Now, consider teacher pay-for-performance where one measure–student test scores–is often used to determine to what degree a teacher is effective. Like “total shareholder return” there are serious problems of using this metric alone or even in concert with other measures to judge teacher performance (see here and here).
Consider the following:
Incentives corrupt measures.
Since the mid-1970s, social scientists have criticized the use of specific quantitative measures to monitor or steer policies because those implementing such policies alter their practices to insure better numbers. The work of social scientist Donald T. Campbell and economists in the mid-1970s about the perverse outcomes of incentives was available but have largely been ignored. Campbell wrote in 1976.
“The more any quantitative social indicator is used for social decision-making, the more subject it will be to corruption pressures and the more apt it will be to distort and corrupt the social processes it is intended to monitor” (Campbell 1976, p.54)
Campbell used examples drawn from statistics on police solving crimes (p. 55), the Soviets setting numerical goals in industry (p. 57), and the U.S.’s use of “body counts” in Vietnam as evidence of winning (p.58). For public schools, Campbell said that “achievement tests are … highly corruptible indicators (p.57).”
That was nearly forty years ago. In the past decade, researchers have documented (also see here) the link between standardized test scores and narrowed instruction to prepare students for test items, instances of state policymakers fiddling with cut-off scores on tests, increased dropouts, and straight out cheating. Although how the distortions occur are unclear, the evidence confirms Campbell’s insight.
Easy To Measure Indicators Trump Hard To Measure Ones
Few in business, medicine or education question that some indicators are easier to quantify than others. In medicine, for example, hospital mortality and surgical procedures are fairly easy to measure but the results even when compared to other hospitals and surgeons hide as much as they reveal about effective health care. So it is with standardized tests.
Because test scores are inexpensive and efficient to collect, they draw attention away from important but hard-to-measure aspects of teaching and learning such as student engagement, rapport between teachers and students, academic climate in classroom and school, and principal leadership. Cumulative practitioner experience and stories about teaching over centuries have established these as crucial factors in working with gifted and vulnerable students.

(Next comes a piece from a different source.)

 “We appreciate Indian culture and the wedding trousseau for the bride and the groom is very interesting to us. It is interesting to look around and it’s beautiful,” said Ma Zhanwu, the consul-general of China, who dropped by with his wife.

These are known results of using single measures to judge individual or organizational performance. Consequences of their use can be anticipated. Historical examples abound. Some districts (e.g., Denver) wisely have moved to using multiple measures with student outcomes included that go beyond test scores but in most states where such mandates reign, test scores still remain a major part of the equation used to judge teacher performance (e.g., New York City, Washington, D.C., Houston, Texas) and allocate bonuses to teachers and principals.
This manipulation of data and one-size-fits-all measures show up in businesses as well as schools raising serious questions about the worth of this frenetic passion for pay-for-performance in both public and private sectors.
In the meantime, if Oracle’s Larry Ellison read this post in his office–say 10 minutes–he would have earned over $6,000. Ah, to be a CEO.